Stored data
----------------------------------------
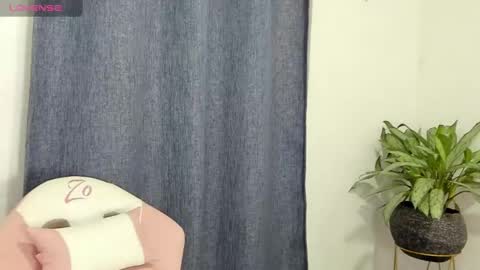 Snapshot of zoe69__ chatting on March 11, 2025, 8:20 am ZOE online show from March 11, 2025, 8:20 am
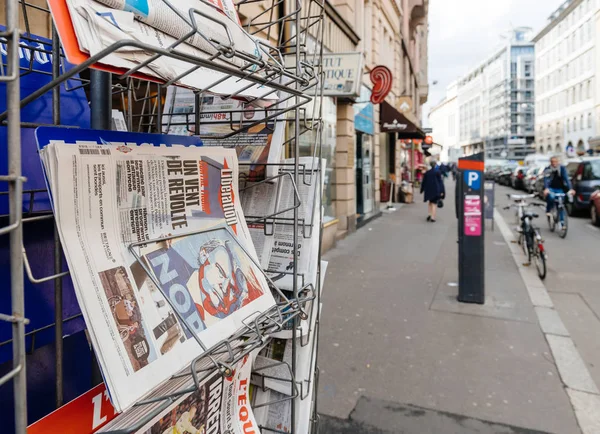 Cartel de Donald Trump en la prensa francesa de Liberación — Foto de Stock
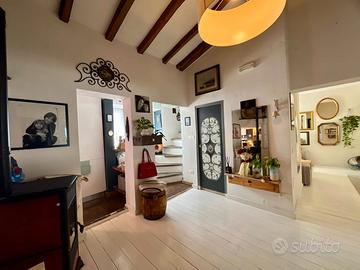 Appartamento ampia metratura con balcone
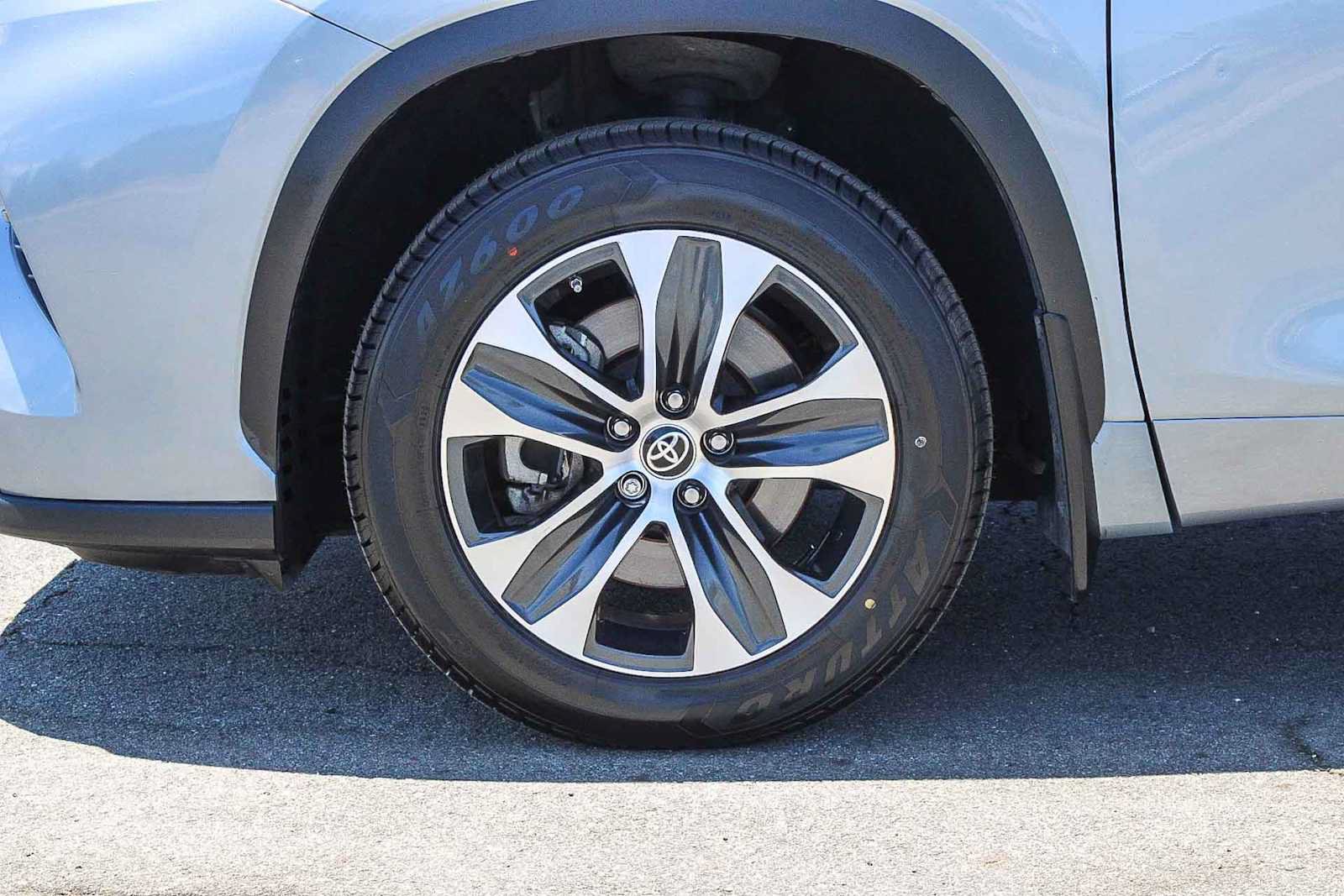 Used 2022 Toyota Highlander XLE FWD image 11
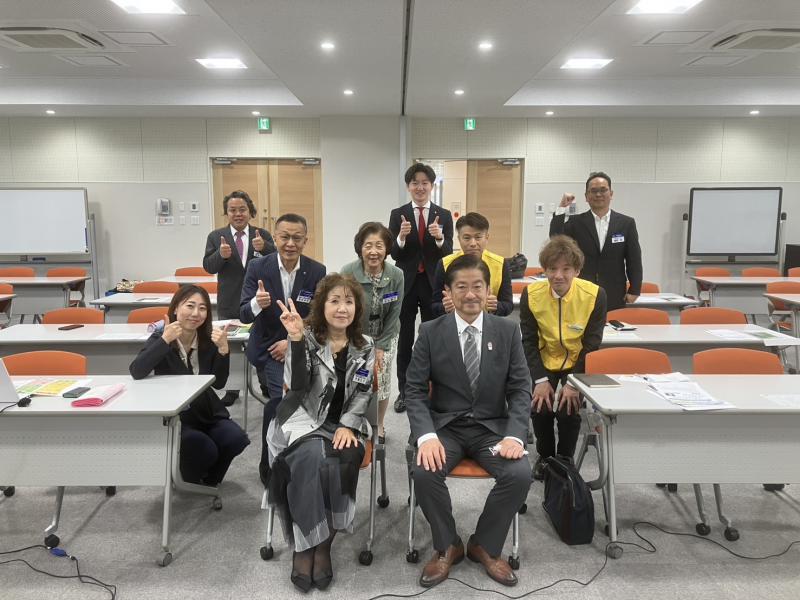 講師　山口　和之氏を囲んで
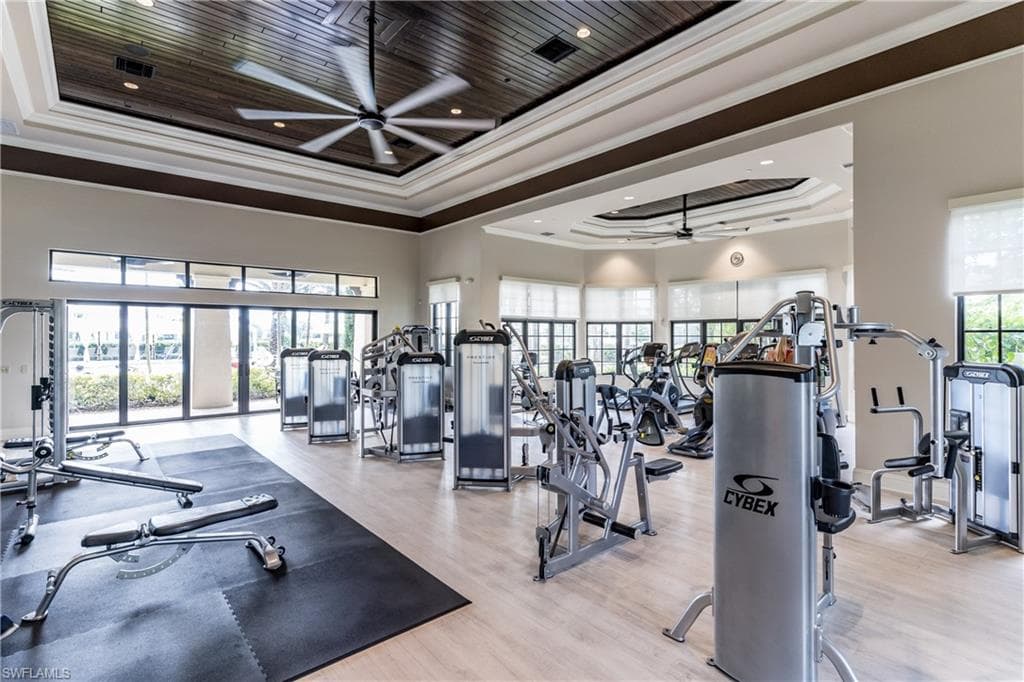 9221 Woodhurst Dr, Naples, FL 34120-50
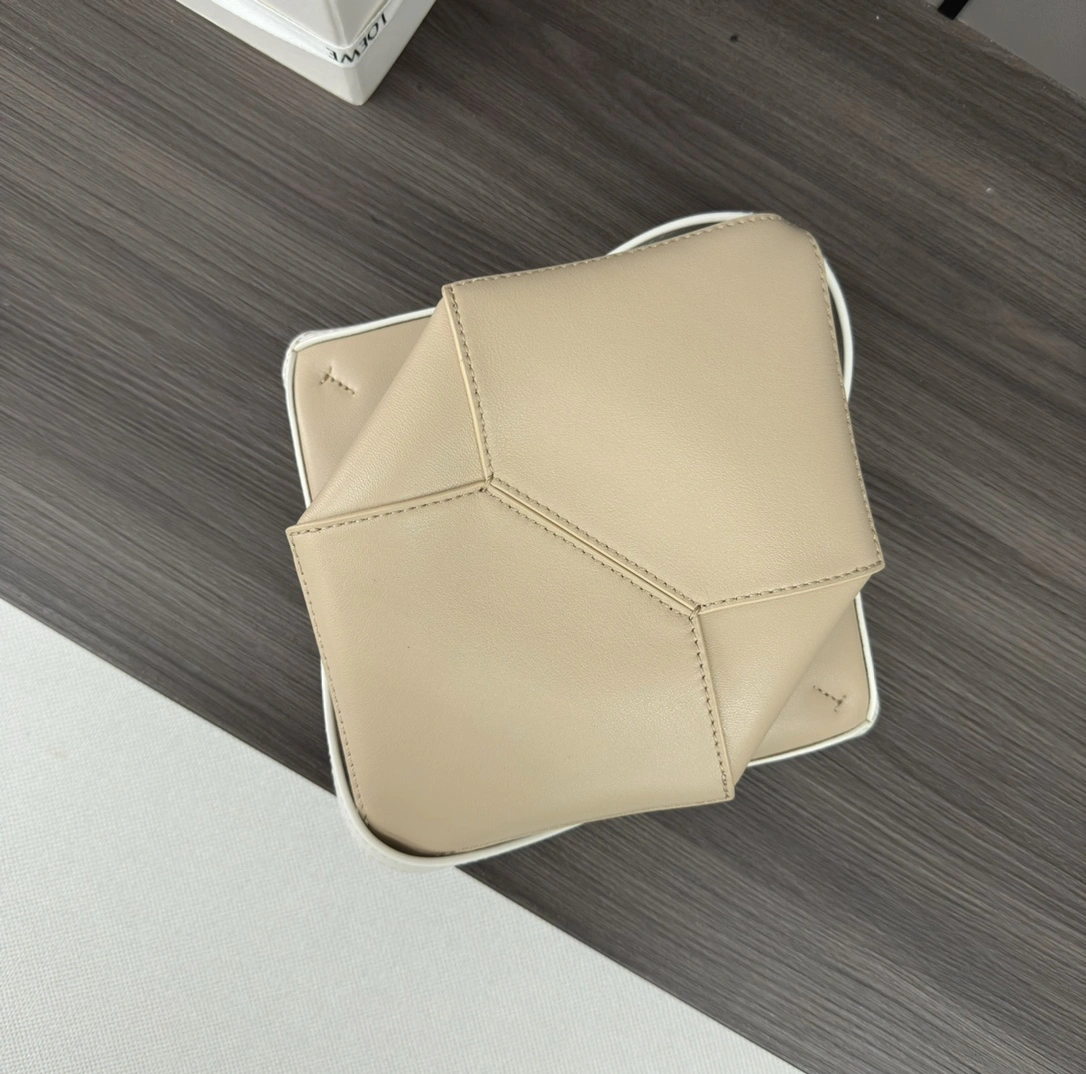 Flexible Loewe Shopping Bags 72073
----------------------------------------
Work instruction: Return only the line with "講師　山口　和之氏を囲んで" and the lines after it up to the end of the records, exact and free of pictures.

Task response:
 講師　山口　和之氏を囲んで
 9221 Woodhurst Dr, Naples, FL 34120-50
 Flexible Loewe Shopping Bags 72073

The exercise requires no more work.